Data

Contents

Data#

Sources#

The study relies on two primary data sources. The first is official Visitor Arrival (VA) data from official websites. Six Pacific Islands Countries have official data available for access: Fiji, Palau, Samoa, Solomon Islands, Tonga, and Vanuatu. All countries, except for Fiji, have more than 12 years of monthly visitor data with countries of origin documented, resulting in more than 120 observations for modeling.

The other is the Global Aviation Dashboard (GAD) data, which includes daily flight data from January 2019 to the current date (October 2022 for this study). Three relevant variables are available: number of flights, seat arrivals, and available seat kilometers. These variables reflect the flight’s ability and do not necessarily reflect the occupancy rates or onboard passengers. Since the number of visitors is closely related to economic output, we mainly focus on international seat arrivals (ISA).

Given the daily frequency of GAD data and the monthly frequency of official statistics, we align both datasets to the same frequency for further analysis. We transform the GAD data into monthly frequency by summing daily entries of the same month. The aligned data starts on 2019-01-01 and ends at different periods, depending on each country’s latest official data.

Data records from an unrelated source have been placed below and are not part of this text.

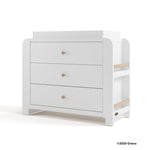 Read-with-me white with driftwood 3 drawer chest with changing topper with 2025 Graco copyright on bottom right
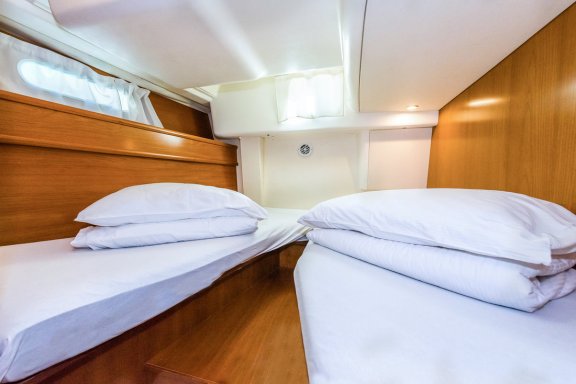 Image of Vika yacht #32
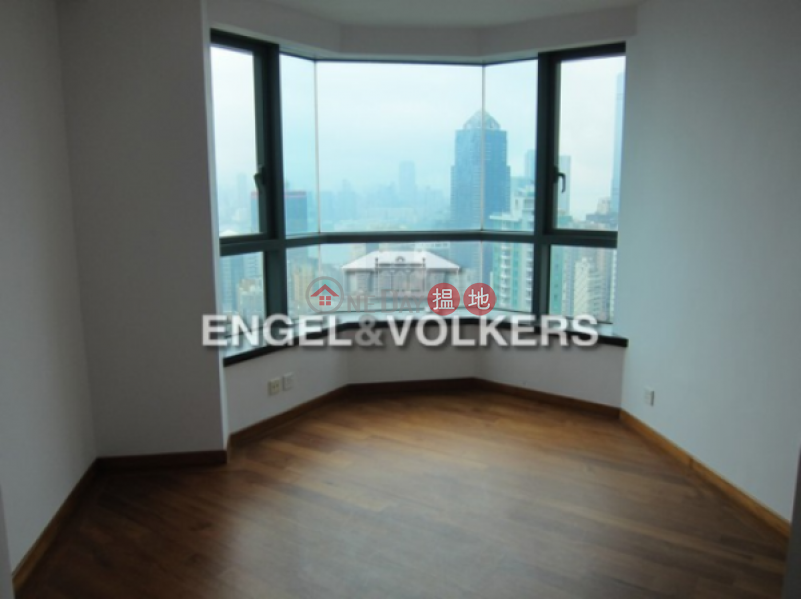 3 Bedroom Family Flat for Rent in Mid Levels West 80 Robinson Road | Western District, Hong Kong, Rental HK$ 55,000/ month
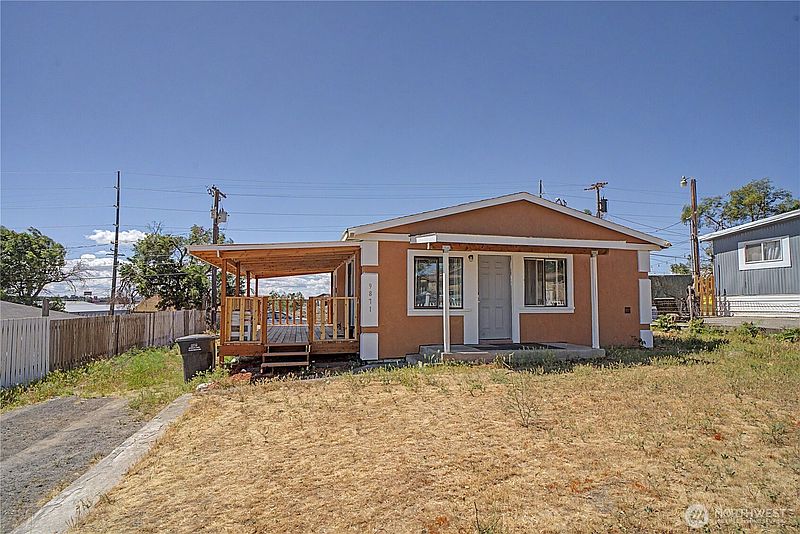 3rd image of 9871 Highland Drive NE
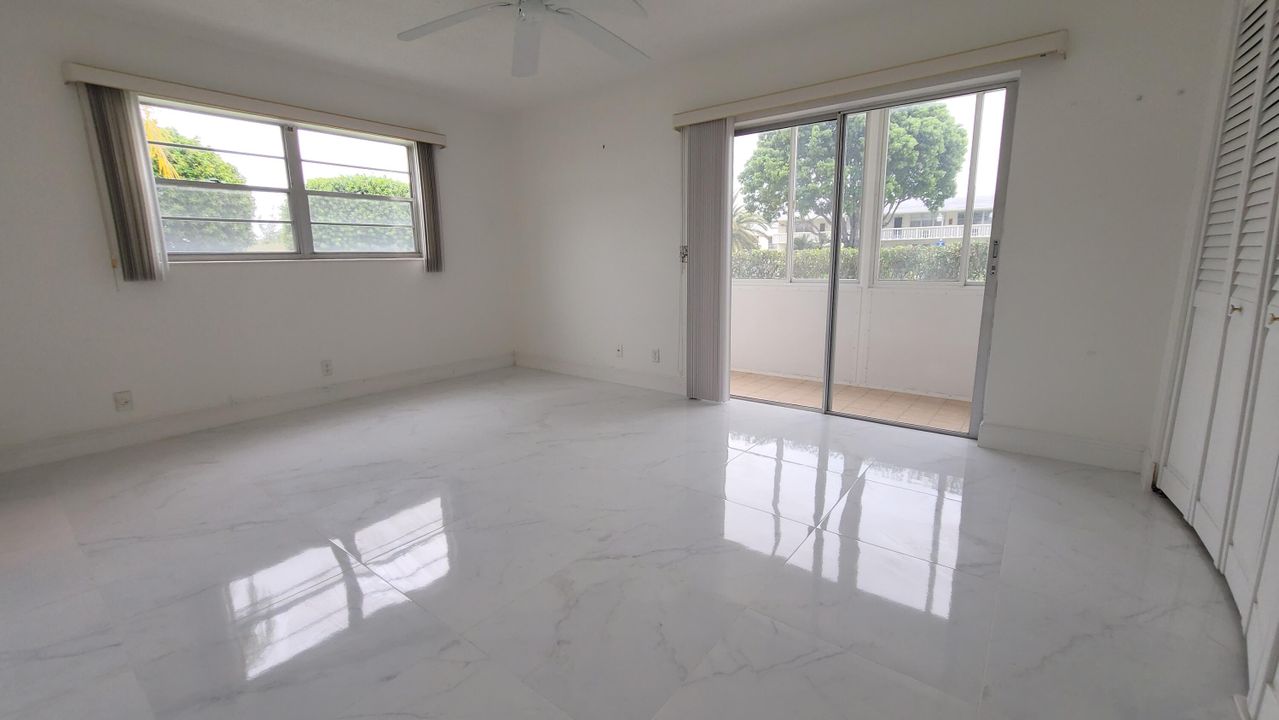 待售: $79,900 (1 贝兹, 1 浴室, 702 平方英尺)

Besides the abovementioned data sources, the study incorporates the Google Trends data from the World Bank’s Development Data Partership. For each country, we conducted a keyword search, including the country name and suffix of “travel,” “hotel,” and “flight,” for example, “Palau travel.” [1]

Assessment#

As seen in next page, the orange line represents the GAD’s ISA, and the blue line represents the VA data. VA and ISA typically moved together, except for months following the announcement of Covid-19 as a global pandemic. Beyond the rough observation, a series of assessments are conducted, including correlation, stationarity, and Granger Causality analyses.

Pearson’s correlation coefficient is an often-employed approach to test the correlation between variables. However, the employment of Pearson’s correlation could be spurious because it ignores that time series data strongly depends on previous states. Cross-correlation is essential to measuring the similarity between two time series

Weak stationarity is fundamental to time series analysis. Time series data is no different from random walks without stationarity, making forecasting impossible. Simply put, weak stationarity is the principle that basic statistical properties do not change over time, including finite variation, constant mean, and autocovariance that only depends on lags. The Augmented Dickey-Fuller (ADF) test is the most commonly employed method to examine weak stationarity. The null hypothesis (\(H_0\)) is that the series is non-stationary and has a unit root. The alternative hypothesis (\(H_1\)) is that the series is stationary or has no unit root. Below is a summary table of the ADF tests.

When the p-value is smaller than 0.05, we can reject the null hypothesis of the ADF test and conclude that the time series is stationary. As shown in next page, Solomon and Samoa are stationary, and Palau and Fiji achieve stationarity after differencing the data once.

Once prove weak stationarity, the Granger causality test, which examines how useful one variable is for forecasting another variable, can help us understand whether variables from the Global Aviation Dashboard would help forecast the VA. The Granger Causality is formally expressed as:

\[ VA_t = \sum_{i=1}^{p} \alpha_{i} VA_{t-i} + \sum_{i=1}^{p} \beta_{i} ISA_{t-i} + u_{t} \]

The null hypothesis (\(H_0\)) of the Granger Causality is \(\beta_{i}=0 \text{ for } i= 1,...,p\), which assumes that introducing \(ISA_t\) would not help forecast \(VA_t\). The Granger Causality test is Vector Autoregression (VAR), which will be explained in detail in the modeling section. As shown in next page, except for the Solomon Islands, all other countries pass the Granger Causality test, suggesting including \(ISA\) would help predict \(VA\).

A general limitation of these tests is the small sample size of the available data. Despite the larger sample size of the official data, the number of observations shrinks to 44 after merging with the GAD data, severely affecting the statistical significance of the tests.